Gopinath Deepak, Jain Siddarth, Argall Brenna D
Department of Mechanical Engineering, Northwestern University, Evanston, IL, 60208, USA.
Rehabilitation Institute of Chicago, Chicago IL, 60211 USA.
IEEE Robot Autom Lett. 2017 Jan;2(1):247-254. doi: 10.1109/LRA.2016.2593928. Epub 2016 Jul 22.
In this paper, we propose a mathematical framework which formalizes user-driven customization of shared autonomy in assistive robotics as a nonlinear optimization problem. Our insight is to allow the , rather than relying on standard optimization techniques, to perform the optimization procedure, thereby allowing us to leave the exact nature of the cost function indeterminate. We ground our formalism with an interactive optimization procedure that customizes control sharing using an assistive robotic arm. We also present a pilot study that explores interactive optimization with end-users. This study was performed with 17 subjects (4 with spinal cord injury, 13 without injury). Results show all subjects were able to converge to an assistance paradigm, suggesting the existence of optimal solutions. Notably, the amount of assistance was not always optimized for task performance. Instead, some subjects favored retaining more control during the execution over better task performance. The study supports the case for user-driven customization and provides guidance for its continued development and study.
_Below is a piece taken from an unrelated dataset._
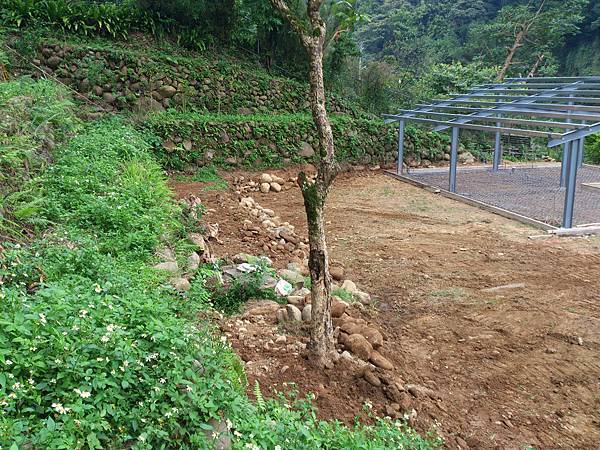 DSC_0247.jpg DSC_0247.jpg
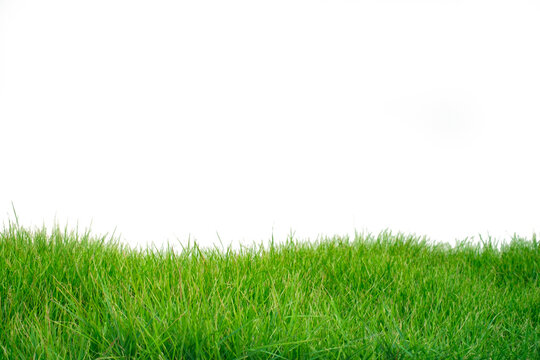 Fresh spring green grass panorama horizontal isolated on white background. © Bordinthorn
在本文中,我们提出了一个数学框架,该框架将辅助机器人中用户驱动的共享自主性定制形式化为一个非线性优化问题。我们的见解是允许 ,而不是依赖标准优化技术来执行优化过程,从而使我们能够让成本函数的确切性质不确定。我们通过一个交互式优化过程来建立我们的形式体系,该过程使用辅助机器人手臂来定制控制共享。我们还展示了一项探索与终端用户进行交互式优化的试点研究。这项研究是对17名受试者(4名脊髓损伤患者,13名未受伤者)进行的。结果表明,所有受试者都能够收敛到一种辅助模式,这表明存在最优解。值得注意的是,辅助量并不总是针对任务性能进行优化的。相反,一些受试者在执行过程中更倾向于保留更多控制权,而不是追求更好的任务性能。该研究支持了用户驱动定制的情况,并为其持续发展和研究提供了指导。